The Geometric Inductive Bias of Grokking: Bypassing Phase Transitions via Architectural Topology

Mechanistic interpretability typically relies on post-hoc analysis of trained networks. We instead adopt an interventional approach: testing hypotheses a priori by modifying architectural topology to observe training dynamics. We study grokking - delayed generalization in Transformers trained on cyclic modular addition (Zp) - investigating if specific architectural degrees of freedom prolong the memorization phase. We identify two independent structural factors in standard Transformers: unbounded representational magnitude and data-dependent attention routing. First, we introduce a fully bounded spherical topology enforcing L2 normalization throughout the residual stream and an unembedding matrix with a fixed temperature scale. This removes magnitude-based degrees of freedom, reducing grokking onset time by over 20x without weight decay. Second, a Uniform Attention Ablation overrides data-dependent query-key routing with a uniform distribution, reducing the attention layer to a Continuous Bag-of-Words (CBOW) aggregator. Despite removing adaptive routing, these models achieve 100% generalization across all seeds and bypass the grokking delay entirely. To evaluate whether this acceleration is a task-specific geometric alignment rather than a generic optimization stabilizer, we use non-commutative S5 permutation composition as a negative control. Enforcing spherical constraints on S5 does not accelerate generalization. This suggests eliminating the memorization phase depends strongly on aligning architectural priors with the task's intrinsic symmetries. Together, these findings provide interventional evidence that architectural degrees of freedom substantially influence grokking, suggesting a predictive structural perspective on training dynamics.

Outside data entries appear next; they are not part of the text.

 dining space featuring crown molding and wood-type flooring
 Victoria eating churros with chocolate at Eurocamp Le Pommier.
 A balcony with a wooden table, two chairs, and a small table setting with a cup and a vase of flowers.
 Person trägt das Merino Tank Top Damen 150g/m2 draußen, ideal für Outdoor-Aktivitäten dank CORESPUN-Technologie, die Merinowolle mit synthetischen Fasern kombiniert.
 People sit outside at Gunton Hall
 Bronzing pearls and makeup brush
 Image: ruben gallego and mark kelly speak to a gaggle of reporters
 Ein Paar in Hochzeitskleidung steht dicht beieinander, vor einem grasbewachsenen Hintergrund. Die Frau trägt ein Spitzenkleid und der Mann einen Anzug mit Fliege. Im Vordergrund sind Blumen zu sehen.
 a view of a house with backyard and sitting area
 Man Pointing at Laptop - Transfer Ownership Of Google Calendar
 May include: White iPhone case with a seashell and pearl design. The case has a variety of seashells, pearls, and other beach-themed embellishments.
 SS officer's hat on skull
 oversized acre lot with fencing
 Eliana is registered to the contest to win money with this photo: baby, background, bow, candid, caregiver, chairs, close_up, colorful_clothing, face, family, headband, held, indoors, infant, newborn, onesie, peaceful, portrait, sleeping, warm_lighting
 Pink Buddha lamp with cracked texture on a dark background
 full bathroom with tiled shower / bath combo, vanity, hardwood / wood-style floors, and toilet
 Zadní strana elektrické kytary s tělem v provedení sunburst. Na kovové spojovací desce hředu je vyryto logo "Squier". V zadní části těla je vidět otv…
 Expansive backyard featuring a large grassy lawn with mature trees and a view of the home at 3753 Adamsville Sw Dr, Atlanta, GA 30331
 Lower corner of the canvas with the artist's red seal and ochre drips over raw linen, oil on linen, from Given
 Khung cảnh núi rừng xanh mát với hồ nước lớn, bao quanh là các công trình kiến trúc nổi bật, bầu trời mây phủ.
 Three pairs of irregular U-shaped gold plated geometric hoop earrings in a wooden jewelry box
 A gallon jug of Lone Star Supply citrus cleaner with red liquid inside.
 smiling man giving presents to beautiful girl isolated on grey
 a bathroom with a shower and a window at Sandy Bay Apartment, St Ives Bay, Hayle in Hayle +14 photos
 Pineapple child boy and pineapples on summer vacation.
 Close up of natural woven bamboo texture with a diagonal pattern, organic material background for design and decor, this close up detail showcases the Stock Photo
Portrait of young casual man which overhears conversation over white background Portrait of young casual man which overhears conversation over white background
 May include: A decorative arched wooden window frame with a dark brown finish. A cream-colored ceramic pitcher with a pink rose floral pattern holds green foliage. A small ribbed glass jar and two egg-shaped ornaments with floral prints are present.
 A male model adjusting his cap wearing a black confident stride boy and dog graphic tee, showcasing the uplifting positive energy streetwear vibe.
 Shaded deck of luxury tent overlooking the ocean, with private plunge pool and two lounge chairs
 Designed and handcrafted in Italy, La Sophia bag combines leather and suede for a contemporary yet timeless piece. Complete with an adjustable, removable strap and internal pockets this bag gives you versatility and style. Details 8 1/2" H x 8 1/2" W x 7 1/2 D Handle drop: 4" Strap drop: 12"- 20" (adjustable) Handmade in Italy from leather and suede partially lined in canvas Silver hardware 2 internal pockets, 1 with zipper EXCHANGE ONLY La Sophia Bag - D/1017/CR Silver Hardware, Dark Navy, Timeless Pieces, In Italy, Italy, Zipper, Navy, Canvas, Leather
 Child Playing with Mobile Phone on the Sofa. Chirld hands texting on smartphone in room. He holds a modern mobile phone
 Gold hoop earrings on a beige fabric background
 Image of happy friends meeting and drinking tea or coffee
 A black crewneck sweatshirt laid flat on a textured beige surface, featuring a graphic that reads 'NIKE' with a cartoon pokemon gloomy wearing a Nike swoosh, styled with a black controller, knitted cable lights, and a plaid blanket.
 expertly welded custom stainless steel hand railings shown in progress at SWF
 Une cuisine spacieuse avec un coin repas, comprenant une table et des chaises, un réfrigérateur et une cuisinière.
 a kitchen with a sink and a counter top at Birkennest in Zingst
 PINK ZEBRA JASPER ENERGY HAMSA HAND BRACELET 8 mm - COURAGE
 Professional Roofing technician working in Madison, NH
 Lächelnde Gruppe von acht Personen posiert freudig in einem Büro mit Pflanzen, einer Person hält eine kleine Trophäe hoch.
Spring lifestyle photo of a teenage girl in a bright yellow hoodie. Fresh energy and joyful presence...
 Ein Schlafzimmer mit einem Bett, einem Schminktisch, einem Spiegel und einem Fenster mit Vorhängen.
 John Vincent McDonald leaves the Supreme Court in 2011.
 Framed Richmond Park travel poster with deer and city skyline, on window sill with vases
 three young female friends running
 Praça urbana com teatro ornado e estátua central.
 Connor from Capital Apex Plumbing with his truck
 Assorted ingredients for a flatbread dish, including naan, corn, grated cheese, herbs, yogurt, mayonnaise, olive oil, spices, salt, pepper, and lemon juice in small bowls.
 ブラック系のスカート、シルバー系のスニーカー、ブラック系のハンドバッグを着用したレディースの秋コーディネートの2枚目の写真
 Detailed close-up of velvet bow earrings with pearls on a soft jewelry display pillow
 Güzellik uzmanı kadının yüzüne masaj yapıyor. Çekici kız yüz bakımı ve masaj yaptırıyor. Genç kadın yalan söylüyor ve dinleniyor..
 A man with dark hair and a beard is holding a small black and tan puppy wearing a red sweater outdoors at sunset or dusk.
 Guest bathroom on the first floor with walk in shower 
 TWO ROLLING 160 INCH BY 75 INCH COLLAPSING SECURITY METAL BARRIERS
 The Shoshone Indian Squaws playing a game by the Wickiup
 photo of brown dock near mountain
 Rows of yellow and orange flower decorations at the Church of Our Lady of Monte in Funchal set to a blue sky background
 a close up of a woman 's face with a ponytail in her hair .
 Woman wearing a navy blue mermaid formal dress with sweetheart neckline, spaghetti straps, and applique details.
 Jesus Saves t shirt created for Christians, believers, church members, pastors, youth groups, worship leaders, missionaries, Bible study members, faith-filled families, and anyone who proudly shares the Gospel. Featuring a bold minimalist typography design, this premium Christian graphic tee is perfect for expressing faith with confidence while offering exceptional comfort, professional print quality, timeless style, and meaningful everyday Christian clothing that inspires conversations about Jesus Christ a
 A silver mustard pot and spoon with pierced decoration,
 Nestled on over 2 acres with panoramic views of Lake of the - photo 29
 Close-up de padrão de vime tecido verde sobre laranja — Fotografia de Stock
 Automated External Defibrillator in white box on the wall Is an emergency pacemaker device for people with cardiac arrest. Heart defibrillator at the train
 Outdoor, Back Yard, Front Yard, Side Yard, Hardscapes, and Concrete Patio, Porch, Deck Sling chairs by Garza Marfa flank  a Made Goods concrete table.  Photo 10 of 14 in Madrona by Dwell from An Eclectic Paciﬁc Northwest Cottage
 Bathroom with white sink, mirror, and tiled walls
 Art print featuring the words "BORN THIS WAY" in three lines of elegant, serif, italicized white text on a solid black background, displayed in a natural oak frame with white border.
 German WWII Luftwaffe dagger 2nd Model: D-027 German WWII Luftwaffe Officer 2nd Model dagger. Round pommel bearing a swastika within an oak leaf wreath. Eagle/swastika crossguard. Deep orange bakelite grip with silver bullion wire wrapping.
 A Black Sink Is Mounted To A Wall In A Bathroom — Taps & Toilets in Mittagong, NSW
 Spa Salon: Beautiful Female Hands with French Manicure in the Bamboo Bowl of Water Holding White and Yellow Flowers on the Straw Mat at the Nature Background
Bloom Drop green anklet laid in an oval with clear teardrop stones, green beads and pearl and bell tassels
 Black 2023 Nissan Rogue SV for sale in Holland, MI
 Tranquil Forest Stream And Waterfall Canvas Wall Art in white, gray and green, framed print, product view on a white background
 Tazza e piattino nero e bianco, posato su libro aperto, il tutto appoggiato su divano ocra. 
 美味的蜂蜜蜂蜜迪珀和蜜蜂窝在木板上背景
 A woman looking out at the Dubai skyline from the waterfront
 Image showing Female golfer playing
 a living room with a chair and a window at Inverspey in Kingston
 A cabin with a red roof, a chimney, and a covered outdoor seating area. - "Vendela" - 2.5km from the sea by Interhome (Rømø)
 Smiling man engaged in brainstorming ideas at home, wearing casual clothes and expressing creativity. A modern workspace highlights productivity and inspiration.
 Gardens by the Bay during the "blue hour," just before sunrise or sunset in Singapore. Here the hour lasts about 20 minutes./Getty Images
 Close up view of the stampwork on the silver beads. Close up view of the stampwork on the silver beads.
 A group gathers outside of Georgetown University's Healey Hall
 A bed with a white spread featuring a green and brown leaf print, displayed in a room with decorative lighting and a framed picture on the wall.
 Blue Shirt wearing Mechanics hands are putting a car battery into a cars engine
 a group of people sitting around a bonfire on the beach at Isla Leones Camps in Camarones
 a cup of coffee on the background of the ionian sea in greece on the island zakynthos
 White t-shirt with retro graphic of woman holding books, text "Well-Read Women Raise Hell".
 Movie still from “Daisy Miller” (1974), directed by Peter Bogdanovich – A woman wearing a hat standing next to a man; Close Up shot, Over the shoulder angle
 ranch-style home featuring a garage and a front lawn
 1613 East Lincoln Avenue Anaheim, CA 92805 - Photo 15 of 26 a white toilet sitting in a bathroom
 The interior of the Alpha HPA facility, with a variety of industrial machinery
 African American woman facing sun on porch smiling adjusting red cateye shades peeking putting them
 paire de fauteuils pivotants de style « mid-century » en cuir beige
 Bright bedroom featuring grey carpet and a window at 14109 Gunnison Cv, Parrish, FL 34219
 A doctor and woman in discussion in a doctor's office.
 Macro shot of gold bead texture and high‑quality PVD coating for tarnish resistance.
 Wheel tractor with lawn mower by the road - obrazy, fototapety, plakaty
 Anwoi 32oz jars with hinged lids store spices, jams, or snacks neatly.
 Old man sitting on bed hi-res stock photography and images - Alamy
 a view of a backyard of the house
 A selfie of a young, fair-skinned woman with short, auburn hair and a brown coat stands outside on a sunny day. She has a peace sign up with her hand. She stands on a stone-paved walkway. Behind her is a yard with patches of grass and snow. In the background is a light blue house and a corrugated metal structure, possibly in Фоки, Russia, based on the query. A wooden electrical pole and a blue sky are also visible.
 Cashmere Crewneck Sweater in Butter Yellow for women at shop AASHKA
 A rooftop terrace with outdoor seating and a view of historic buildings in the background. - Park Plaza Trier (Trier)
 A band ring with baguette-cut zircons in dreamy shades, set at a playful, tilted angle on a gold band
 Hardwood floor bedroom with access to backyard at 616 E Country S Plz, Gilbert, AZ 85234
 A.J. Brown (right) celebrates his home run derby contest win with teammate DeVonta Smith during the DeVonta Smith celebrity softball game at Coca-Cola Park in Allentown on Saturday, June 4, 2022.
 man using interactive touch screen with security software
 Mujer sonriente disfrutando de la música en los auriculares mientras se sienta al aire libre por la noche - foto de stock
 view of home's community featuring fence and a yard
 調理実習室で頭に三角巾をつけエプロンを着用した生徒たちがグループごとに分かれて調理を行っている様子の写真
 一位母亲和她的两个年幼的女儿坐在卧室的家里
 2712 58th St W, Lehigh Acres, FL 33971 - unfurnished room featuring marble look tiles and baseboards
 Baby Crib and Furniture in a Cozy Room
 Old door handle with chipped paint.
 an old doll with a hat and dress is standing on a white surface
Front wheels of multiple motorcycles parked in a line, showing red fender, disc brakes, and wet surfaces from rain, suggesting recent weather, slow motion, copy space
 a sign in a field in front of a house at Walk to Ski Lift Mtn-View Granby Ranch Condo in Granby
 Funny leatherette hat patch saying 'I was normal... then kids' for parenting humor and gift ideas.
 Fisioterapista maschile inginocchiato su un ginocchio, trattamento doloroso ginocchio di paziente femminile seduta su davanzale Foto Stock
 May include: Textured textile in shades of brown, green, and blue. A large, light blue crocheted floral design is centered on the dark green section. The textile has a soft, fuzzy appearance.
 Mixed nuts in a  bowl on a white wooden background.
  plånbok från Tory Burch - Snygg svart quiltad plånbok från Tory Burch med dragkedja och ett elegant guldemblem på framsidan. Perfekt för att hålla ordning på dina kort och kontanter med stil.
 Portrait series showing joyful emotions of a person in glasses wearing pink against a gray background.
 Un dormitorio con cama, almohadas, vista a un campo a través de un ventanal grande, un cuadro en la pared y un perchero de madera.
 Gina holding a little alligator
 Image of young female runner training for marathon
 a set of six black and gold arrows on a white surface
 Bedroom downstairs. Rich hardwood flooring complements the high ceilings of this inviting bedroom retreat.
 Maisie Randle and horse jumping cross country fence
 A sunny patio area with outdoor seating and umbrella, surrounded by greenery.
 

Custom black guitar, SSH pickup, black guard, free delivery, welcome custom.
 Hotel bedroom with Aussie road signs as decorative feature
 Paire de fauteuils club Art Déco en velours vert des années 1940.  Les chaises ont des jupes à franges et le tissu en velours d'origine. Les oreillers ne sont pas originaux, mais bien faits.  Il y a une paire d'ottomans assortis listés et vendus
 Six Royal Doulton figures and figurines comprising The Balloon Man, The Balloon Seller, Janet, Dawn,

翻译：机械可解释性通常依赖于对已训练网络的事后分析。我们则采用干预性方法：通过修改架构拓扑来观察训练动态，从而先验地检验假设。我们研究顿悟现象——在循环模加法（Zp）上训练的Transformer中出现的延迟泛化——探究特定的架构自由度是否会延长记忆阶段。我们在标准Transformer中识别出两个独立的结构因素：无界的表示幅度和数据依赖的注意力路由。首先，我们引入了一种完全有界的球面拓扑，在整个残差流中强制执行L2归一化，并使用具有固定温度尺度的解嵌入矩阵。这消除了基于幅度的自由度，在没有权重衰减的情况下将顿悟起始时间减少了超过20倍。其次，均匀注意力消融用均匀分布覆盖数据依赖的查询-键路由，将注意力层简化为连续词袋（CBOW）聚合器。尽管移除了自适应路由，这些模型在所有随机种子下均实现了100%的泛化，并完全绕过了顿悟延迟。为评估这种加速是任务特定的几何对齐而非通用的优化稳定器，我们使用非交换的S5置换组合作为阴性对照。在S5上强制球面约束并未加速泛化。这表明消除记忆阶段在很大程度上依赖于将架构先验与任务的内在对称性对齐。这些发现共同提供了干预性证据，表明架构自由度显著影响顿悟现象，为训练动态提供了预测性的结构视角。